Caninos afiados (levemente gastos
pelo uso constante) começam a perfurar as expressões de vida cuspindo-as no
balde da rotina. Olho para todos estes zumbis vestidos de pressa e precisões
inadiáveis e luto contra a sensação de estar frente a um espelho sujo e
demasiado lúcido.
Queria sentir-me resignado, mas
algo em mim ainda refuta o papel de engrenagem. Então grito sem proferir som
algum; vocifero à minha alma com a intensidade inerente às coisas que já doeram
tanto que nem doem mais.
Abro a janela enferrujada da
rotina e vejo filhotes de pardal reinventando o voo; descobrindo a liberdade em
sua quintessência: jogam-se da árvore como se viver ou morrer não fossem
opções, mas apenas uma força despreparada contra a covardia.

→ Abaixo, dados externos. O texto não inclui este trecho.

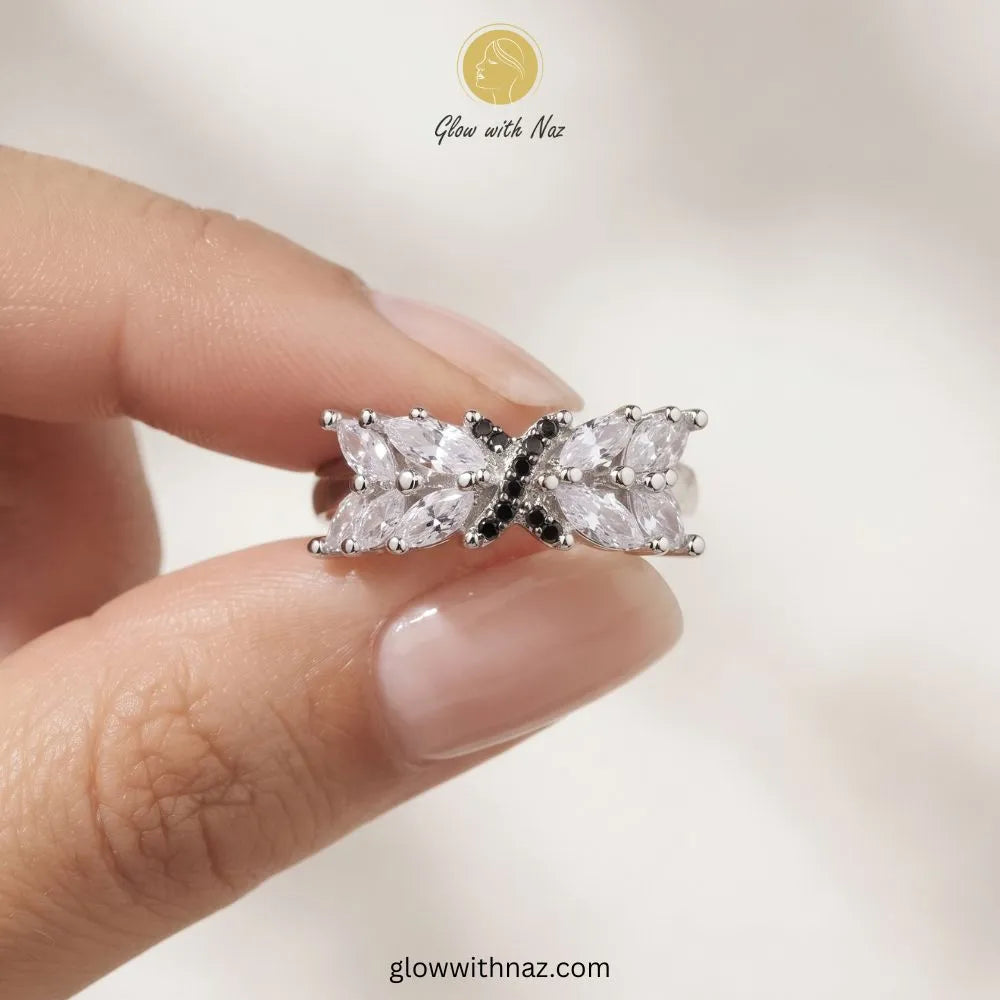 Silver marquise crystal ring with black pave cross emblem held in hand by Glow With Naz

Uma brisa de monóxido de carbono
carrega esta hora inexata enquanto o rebanho tenta seguir ordens de pastores
desorientados. Ao contrário dos pequenos pássaros, elas já nem balem, apenas
aceitam a covardia.
Começo a andar no sentido
contrário de tudo, sem me preocupar com o itinerário e, sem querer, tenho a
leve e perfumada sensação de que isso talvez seja viver.
A. Christo.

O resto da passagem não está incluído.